*EXERCISE PROMPT*. Which lines run from the one with "2024 Buick ENCORE фото" through the end of the data? Retype them exactly, without pictures.
◆ ◆ ◆
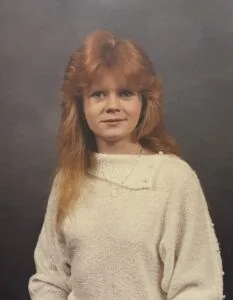 Deborah Lynn Meeks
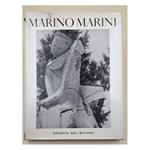Marino Marini-scultore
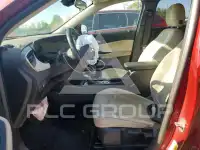 2024 Buick ENCORE фото
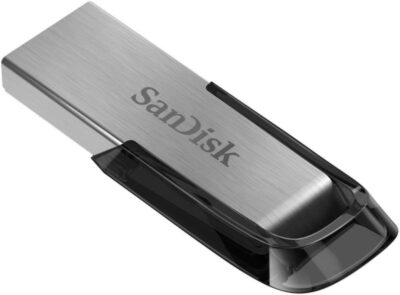 SanDisk 512GB Ultra Flair USB 3.0 Flash Drive - SDCZ73-512G-G46,Black wholesale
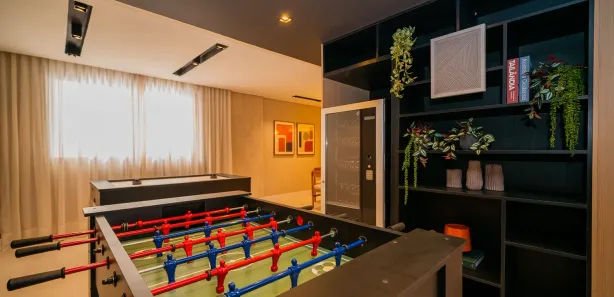 Apartamento com 2 Quartos à venda, 50m² no Indianópolis, São Paulo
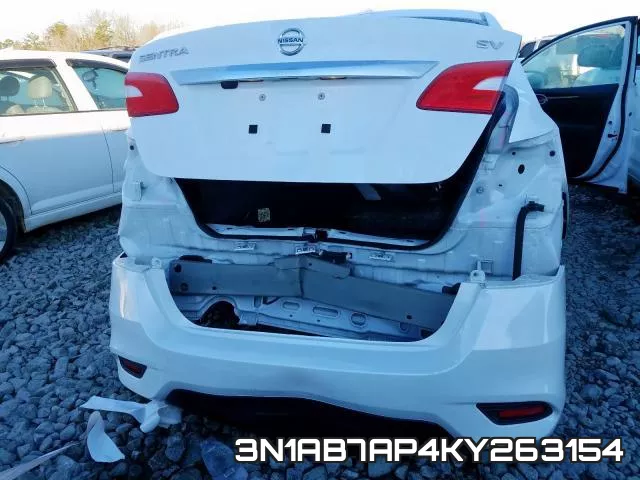 3N1AB7AP4KY263154 фото 10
◆ ◆ ◆
*PROBLEM SOLUTION*.
 2024 Buick ENCORE фото
 SanDisk 512GB Ultra Flair USB 3.0 Flash Drive - SDCZ73-512G-G46,Black wholesale
 Apartamento com 2 Quartos à venda, 50m² no Indianópolis, São Paulo
 3N1AB7AP4KY263154 фото 10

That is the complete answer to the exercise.